Zone grise administrative
Moins de sérénité pour B, 17 ans, dont la minorité n’a pas été contestée par l’État. Mais il redoute la zone grise administrative : plus mineur et pas majeur. Quoi qu’il en soit les associations quimpéroises sont au soutien.? Lui, il rêve d’une école et puis d’un métier de peintre ou plombier. « La minorité d’environ un de ces jeunes sur quatre est en cours d’évaluation », rapporte une bénévole de 29 couleurs, l’association née au Moulin-Vert.
Plus rude pour M, mis à la porte du service depuis lundi et accueilli par l’un des bénévoles de l’association quimpéroise Le temps partagé (lire plus bas) jusqu’à l’issue du recours ce lundi.

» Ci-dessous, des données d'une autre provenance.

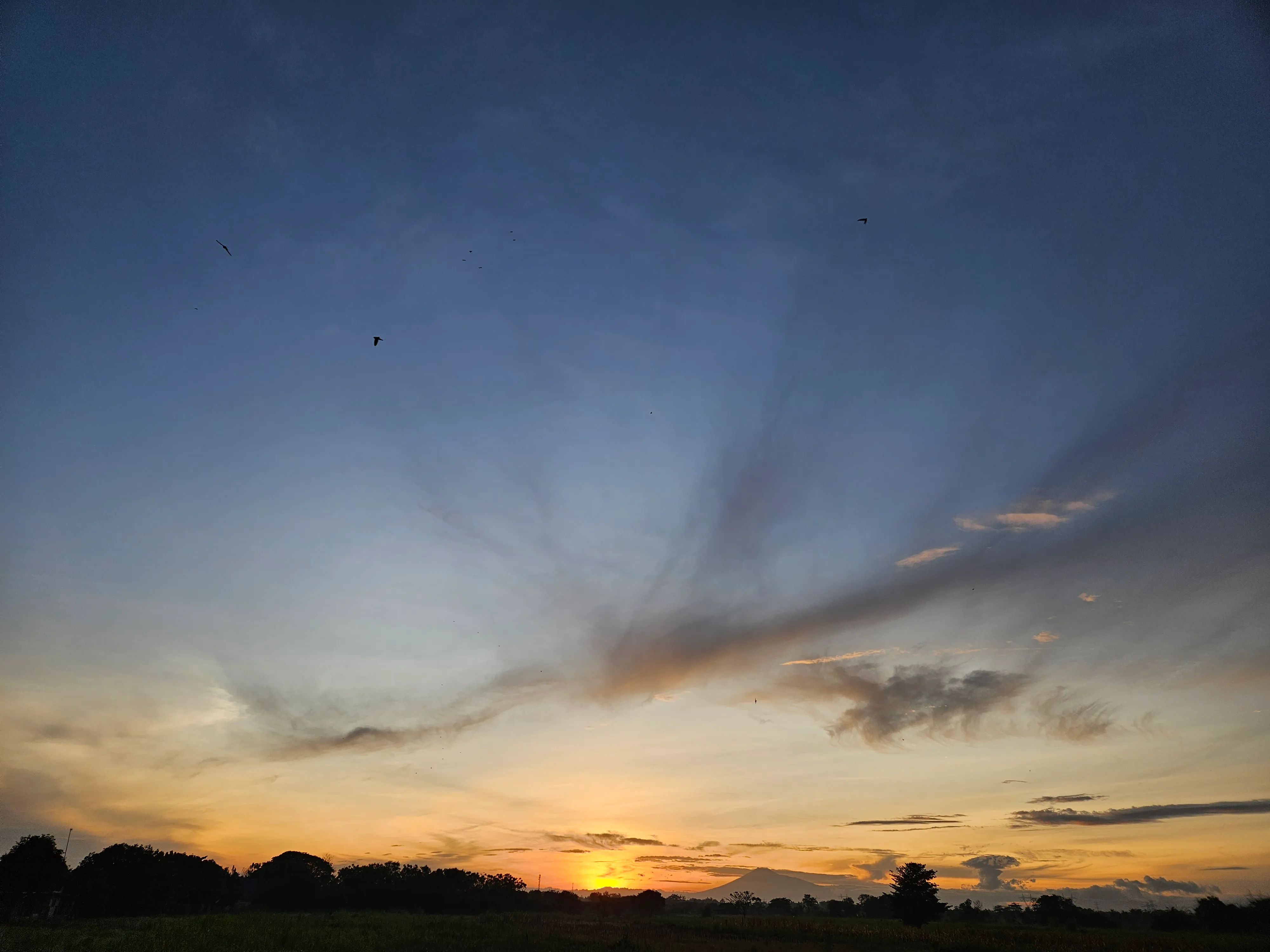 Sunrise over a tree-lined horizon beneath a cloudy morning sky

Le Département n’est pas encore désengagé à ce stade jusqu’à la première décision de justice.
« Ces jeunes ont besoin d’accompagnement psychosocial »

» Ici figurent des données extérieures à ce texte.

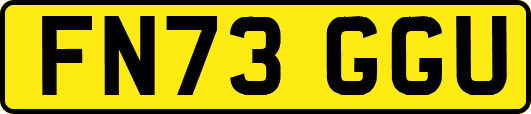 FN73GGU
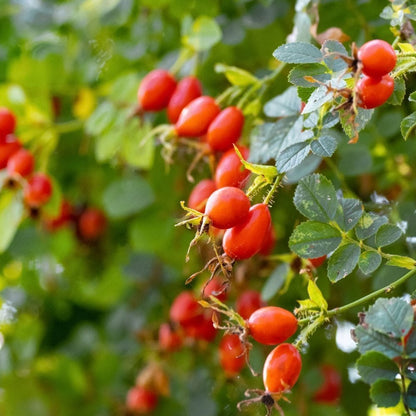Semillas de fruta de Rosa Canina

« Ces jeunes plus que les autres auraient besoin de parler et d’écouter. Qu’on leur donne du temps pour leur expliquer. Ils ont besoin d’un encadrement psychosocial vraiment plus solide que ce qui existe en réalité aujourd’hui », témoigne calmement Marie, 72 ans, membre de 29 couleurs. Ce médecin généraliste, spécialiste des maladies tropicales dans le service public a passé beaucoup de temps de sa vie professionnelle en exerçant dans des missions humanitaires. Pour l’Unicef notamment, qui déploie partout dans le monde des équipes de soins pour les enfants.
Ceux que l’on voit en cours sont les plus volontaires. Combien restent dans les 20 m2 de leur chambre ?

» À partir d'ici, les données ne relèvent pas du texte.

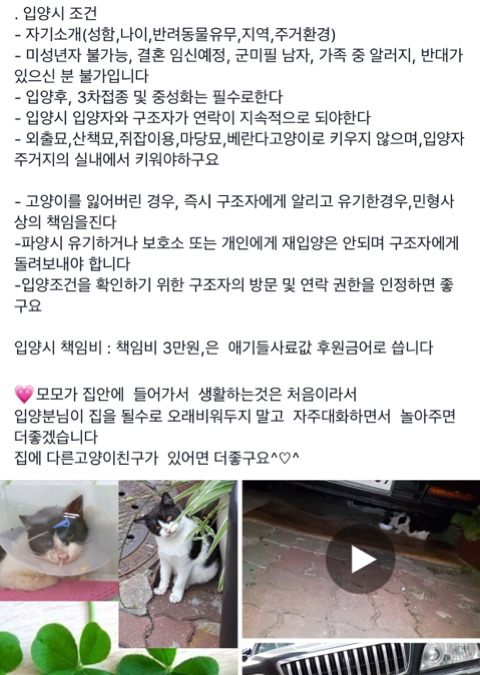 아픈고양이 모모 임보자나 입양자 제발 구해ㅠㅠㅠ | 인스티즈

Après sa dernière mission humanitaire de 18 mois au Tchad, elle n’hésite pas à se dire surprise : « D’abord on s’aperçoit que ces jeunes ont très peu d’aide sur le plan médical en particulier. Ils ne peuvent pas s’adresser à un médecin à Quimper. Doivent passer par un interlocuteur du service de départemental à Brest qui fléchera un praticien là-bas », explique celle qui veut « aider à organiser une petite présence médicale », avant d’ajouter : « Ceux que l’on voit en cours sont les plus volontaires. Combien restent dans les 20 m2 de leur chambre ? » D’ailleurs, sans dramatiser, la praticienne détecte des points de fragilité psychique chez ceux qu’elle croise. « Ils prennent, par exemple, la forme de petites obsessions ».
L’association Le temps partagé tire la sonnette d’alarme
De jeunes migrants mis à la rue à Quimper entre deux décisions de justice : l’association Le temps partagé tire une nouvelle fois la sonnette d’alarme. « Les associations de bénévoles solidaires pallient les carences du Conseil départemental en assurant les hébergements, les soins, la scolarité et le suivi juridique des mineurs non accompagnés mis à la rue dès la première décision de justice réfutant leur minorité », écrit Le temps partagé dans un communiqué. « Or, comme c’est arrivé souvent par le passé, de nombreux jeunes sont reconnus mineurs en appel », souligne l’association quimpéroise. Dans son communiqué, l’association dénonce ainsi la mise à la rue de trois jeunes cette semaine « quelques jours après l’annonce d’une meilleure prise en charge des mineurs non accompagnés dans le Finistère ». « Malheureusement aujourd’hui, l’association n’est plus en mesure d’accueillir de nouveaux jeunes et recherche des hébergeurs solidaires », indique-t-elle encore.